*TO DO*: Please output only the lines running from the one that contains "Kit Esmalte Risque" through the last line of the data below, exactly as they stand, with no pictures.

** DATA SHOWN follows **

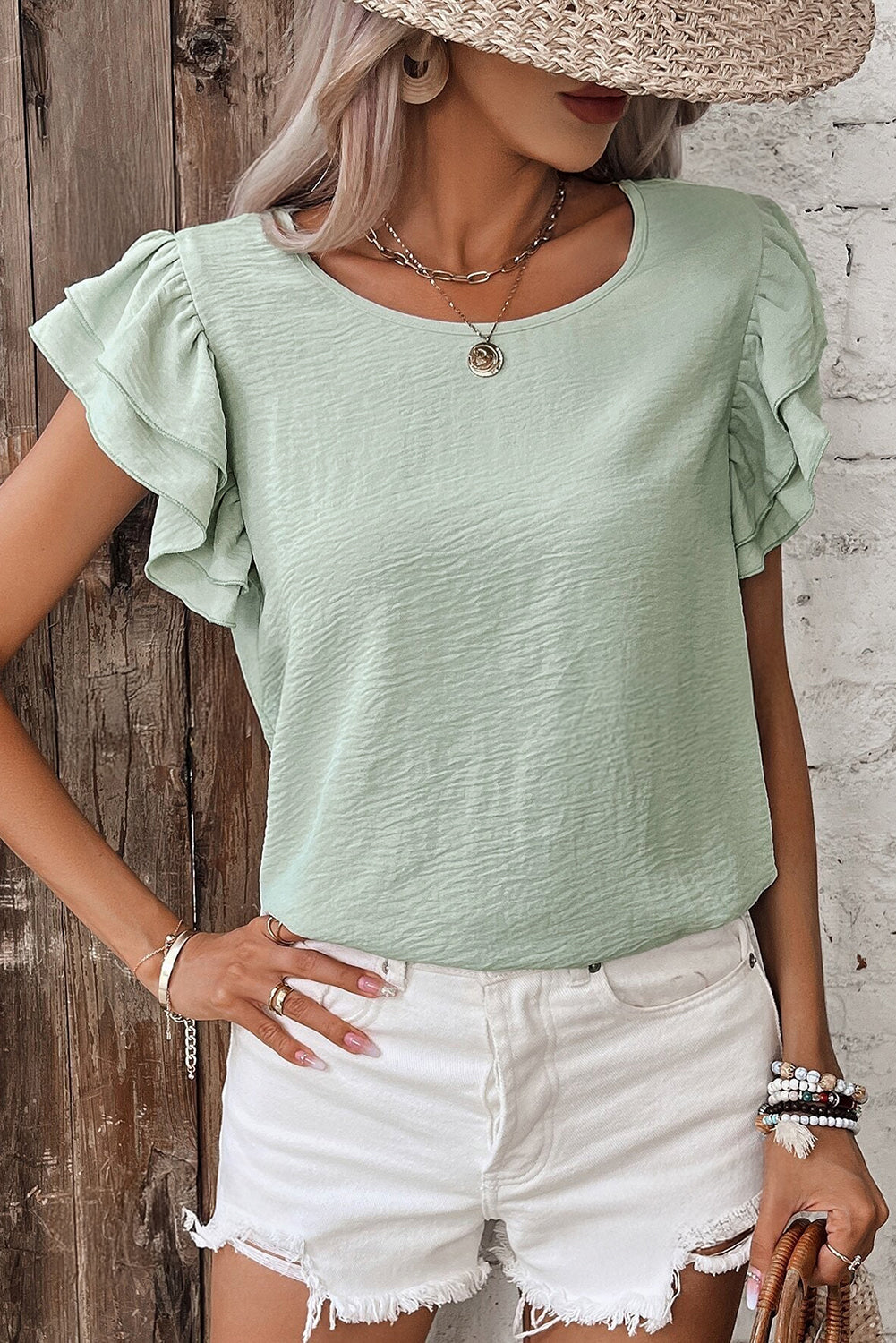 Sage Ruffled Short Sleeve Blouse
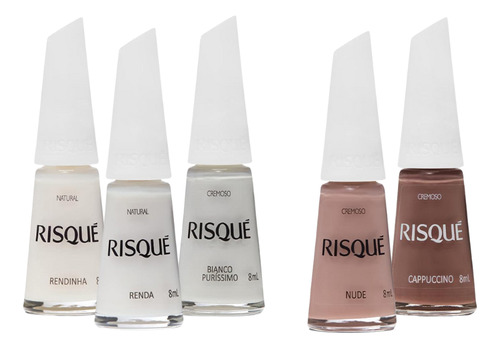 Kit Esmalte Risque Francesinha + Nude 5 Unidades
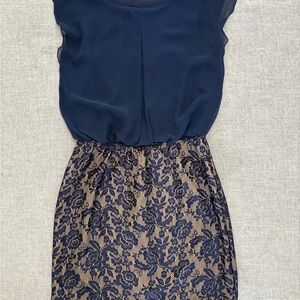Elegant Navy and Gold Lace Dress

** End of DATA SHOWN **

*ANSWER TO THIS TASK*:
 Kit Esmalte Risque Francesinha + Nude 5 Unidades
Elegant Navy and Gold Lace Dress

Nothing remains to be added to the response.